In London’s River Thames, five different antibiotics were identified, with levels of ciprofloxacin three times higher than those considered to be ‘safe’ – as established by the AMR Industry Alliance. In fact, ciprofloxacin was the compound that most frequently exceeded safe levels, surpassing the safety threshold in 51 locations. The most commonly identified antibiotic was trimethoprim, present in 307 of 711 sites tested. The team said that the safe limits were most frequently exceeded in Asia and Africa, with one site in Bangladesh recording levels of metronidazole that were 300 times above the safe level.
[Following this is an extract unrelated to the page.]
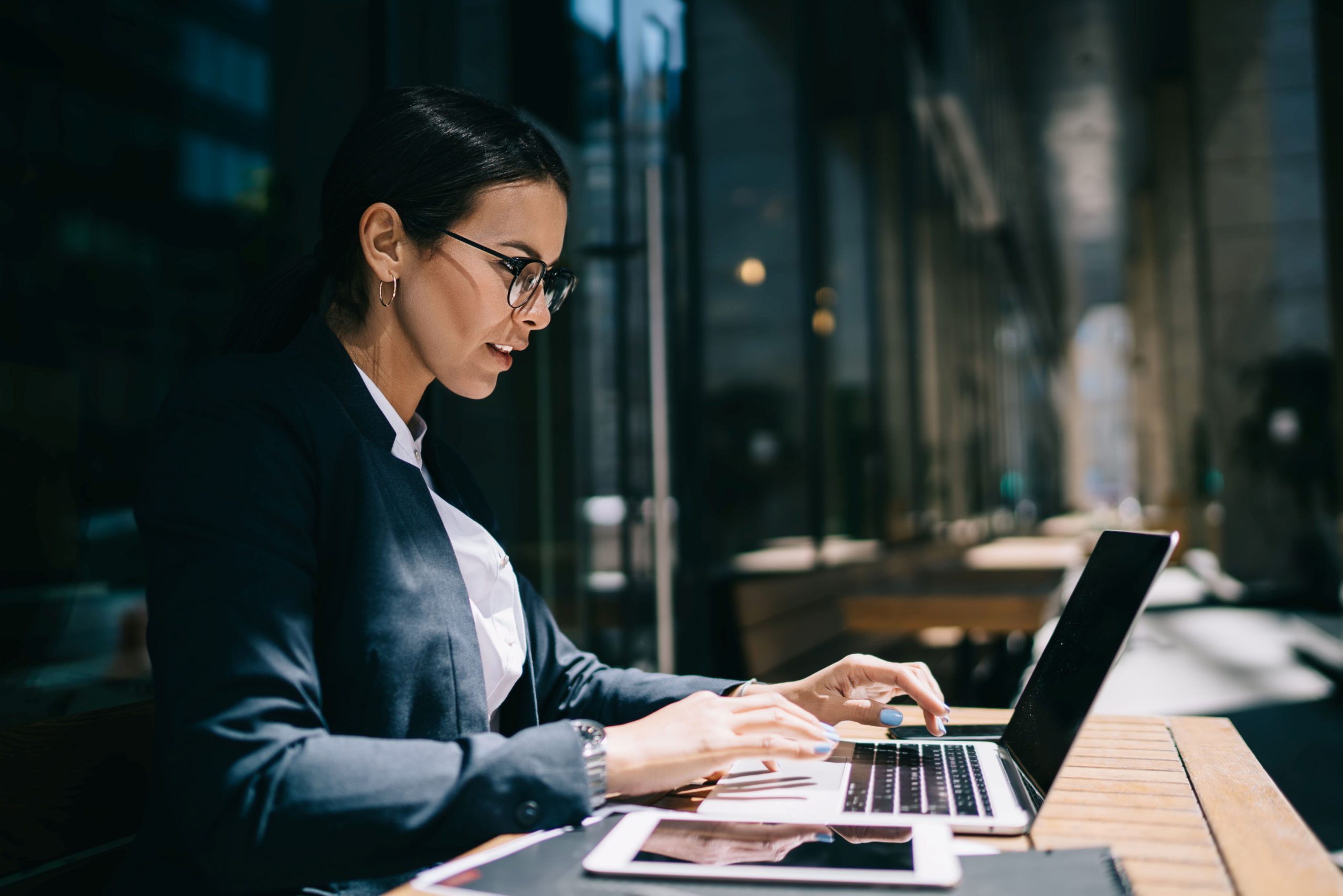 female exec working at laptop represents AML risk assessment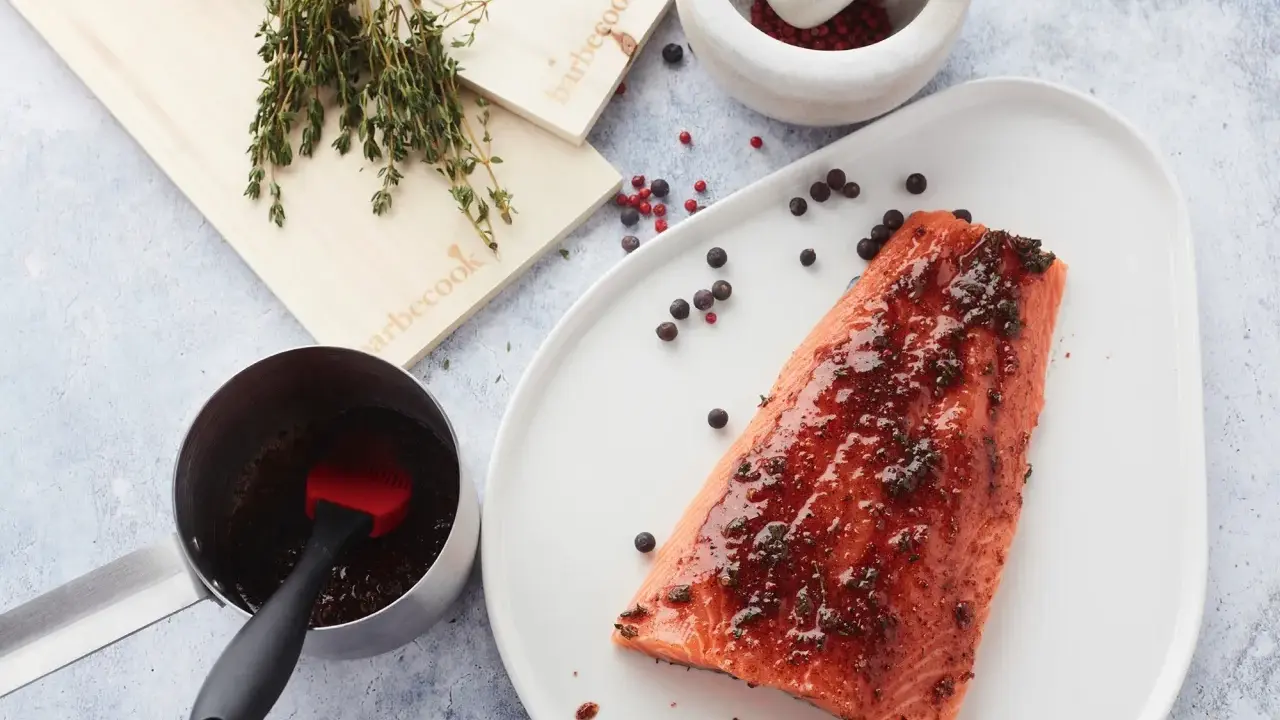 Un filet de saumon mariné est prêt à être cuit sur une planche de cèdre. Des herbes fraîches et des grains de poivre complètent la scène.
However, sites in Europe, North America and South America also had high levels of contamination showing that antibiotic contamination was a “global problem”. High-risk sites were typically adjacent to wastewater treatment systems, waste or sewage dumps and in some areas of political turmoil, including the Israeli and Palestinian border.

Professor Alistair Boxall, from the York Environmental Sustainability Institute commented that “Solving the problem is going to be a mammoth challenge and will need investment in infrastructure for waste and wastewater treatment, tighter regulation and the cleaning up of already contaminated sites.”

In our LSHTM spotlight publication in this newsletter, Dr Clare Chandler argues that antibiotics might be considered part of the infrastructure that allows modern life to proceed as we are used to. Now we are finding that the reckless mismanagement of waste antibiotics is undermining a central aspect of our basic infrastructure that more often than not we take for granted. In 2017, Justin Brookes, Director of the Water Research Centre at the University of Adelaide wrote that “safe, clean drinking water defines civilisation” – civilisation must get to grips with the truth of this matter.